When investigating the correlations of the pro-angiogenic markers we found G-CSF showed a strong positive correlation to undifferentiated stem cells (CD133+, CD34 + CD133+) and SDF-1 was positively correlated to endothelial-committed cells (KDR+, CD34+/KDR+). These results are unsurprising. Many studies have shown G-CSF mobilises CD34 + and CD133 + cells [26, 27] and clinical trials have investigated its therapeutic use in diseases such as cancer, stroke and liver failure, with mixed results [28,29,30]. SDF-1 has also been shown to increase EPC recruitment [31]. The results from this study indicate higher levels of these pro-angiogenic markers results in greater EPC numbers and could be beneficial in vascular diseases. However, these markers do not operate independently. Therefore, further research is required with a larger cohort of participants to look at the interaction between these factors to fully determine their effect on EPC numbers.

As well as EPC numbers, their functionality is also a key factor in tissue repair [32]. In this study, participant age had no effect on the number of circulating EPCs.

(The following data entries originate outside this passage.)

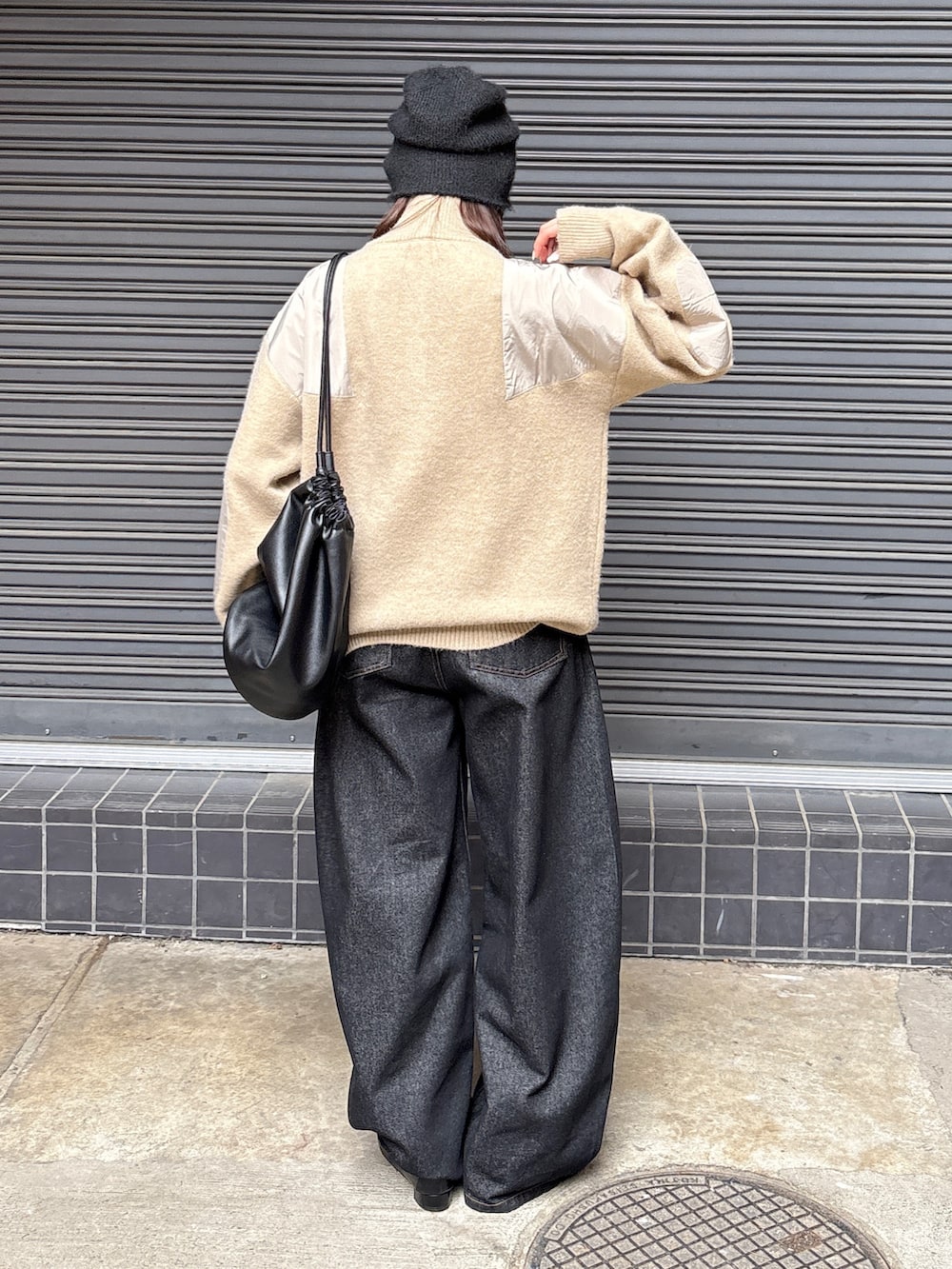 ベージュ系のニット/セーター、ブラック系のデニムパンツ、ブラック系のローファーを着用したレディースの秋コーディネートの3枚目の写真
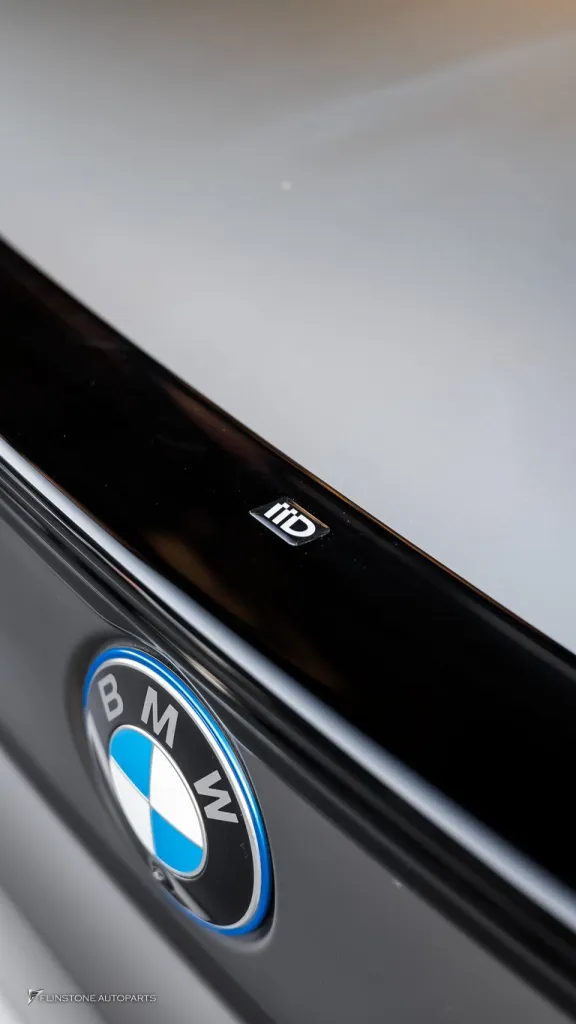 BMW I7 尾翼 maxton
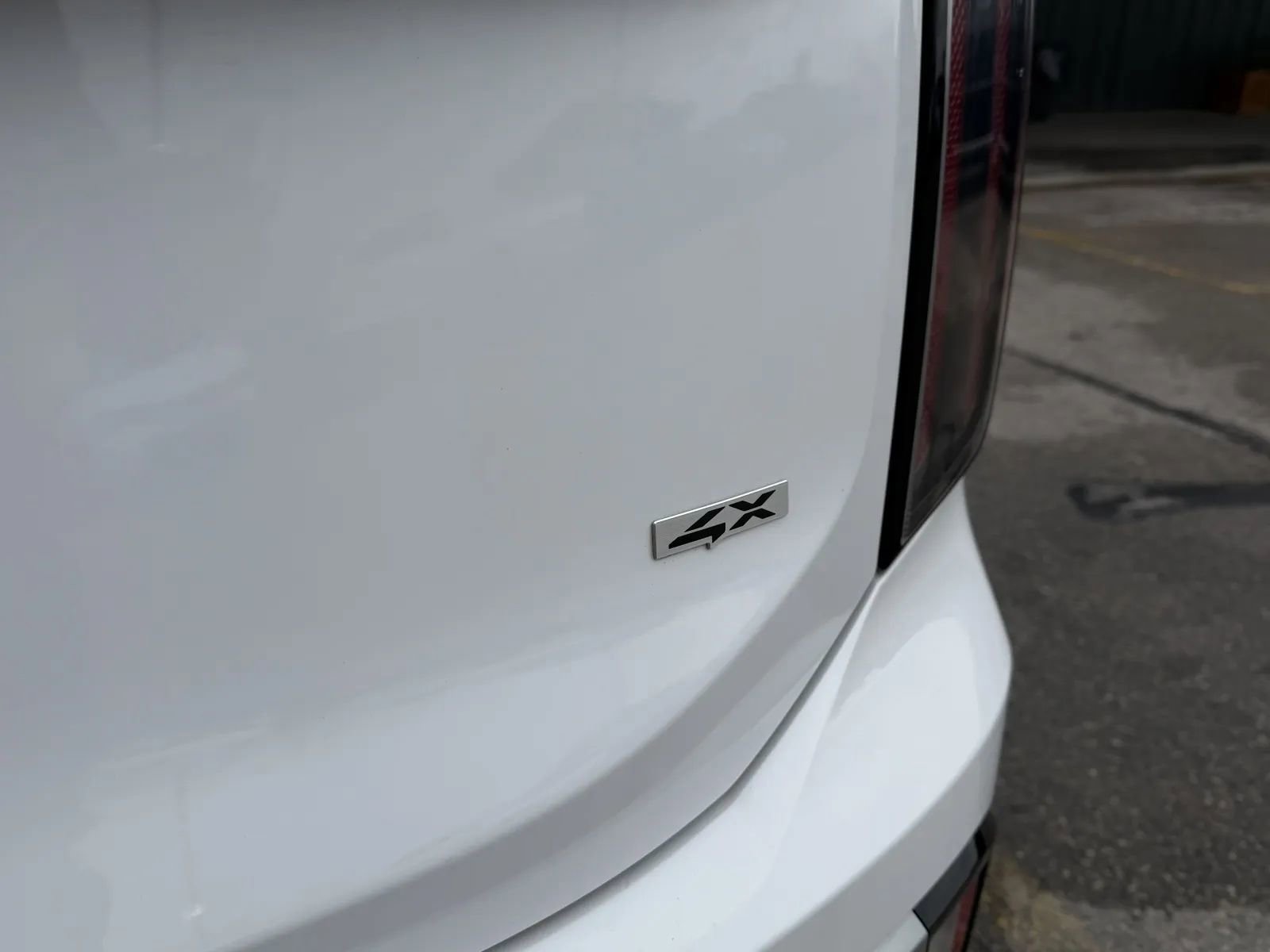Used 2024 Kia Telluride EX image 46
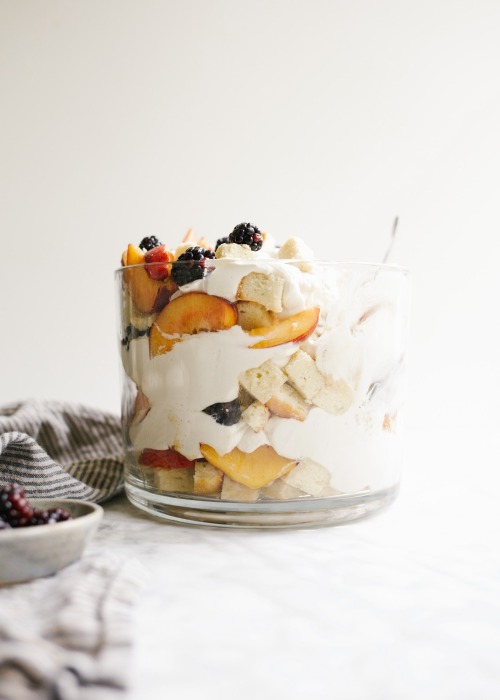 sweetoothgirl:  Peaches and Cream Trifle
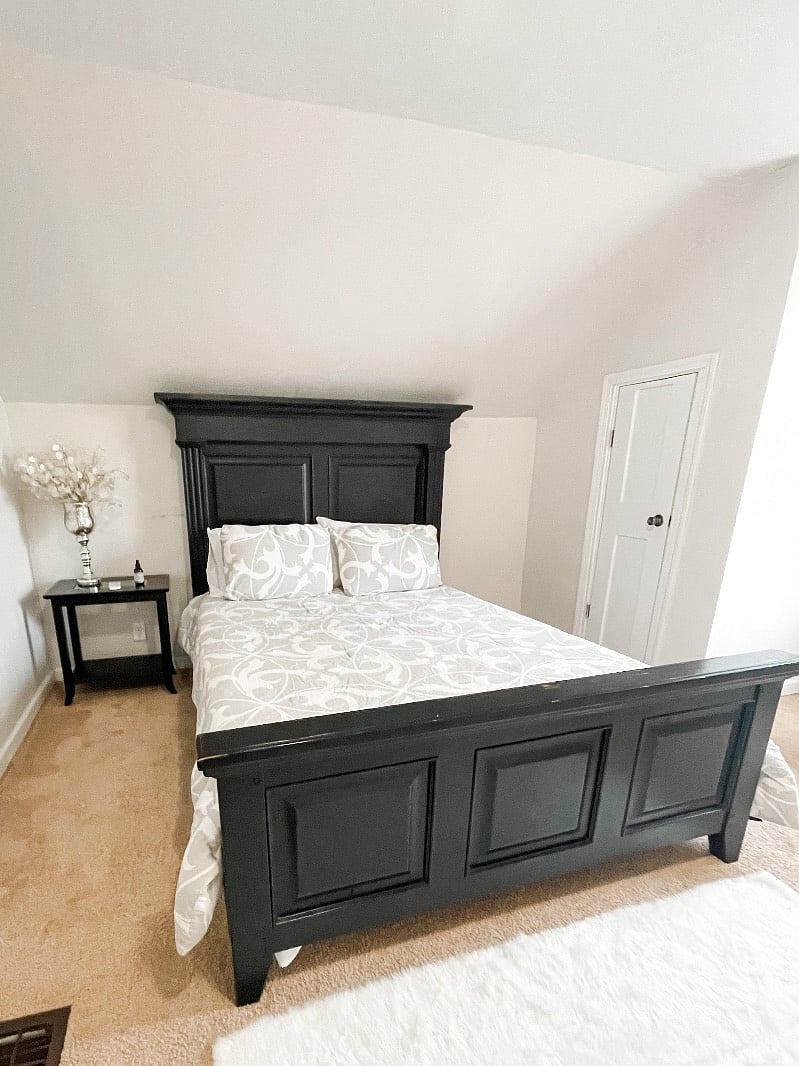 Second bedroom with Queen bed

However, a strong negative correlation between ageing and the proliferation rate of ECFC was found, indicating that advancement of age is associated with lower proliferative ability, as has been previously reported [33].

This exploratory study has revealed novel avenues for future research, especially with regards to EPC subtypes and angiogenic regulators. This study has shown a strong link between diabetes and EPC numbers. The association between pro-and anti-angiogenic chemokines and EPC subtypes, which has not been shown beforewarrants further investigation to uncover potential therapeutic targets.

Limitations

This current study lacked the power to analyse multiple predictor variables in the regression analysis, therefore a replication cohort with a larger study population would increase confidence in these results be able to evaluate the complexity of multiple health conditions and medications especially between male and female participants [34]. In the current study, severity of disease was not evaluated. This is important in diseases such as diabetes and hypertension and should be considered in future studies.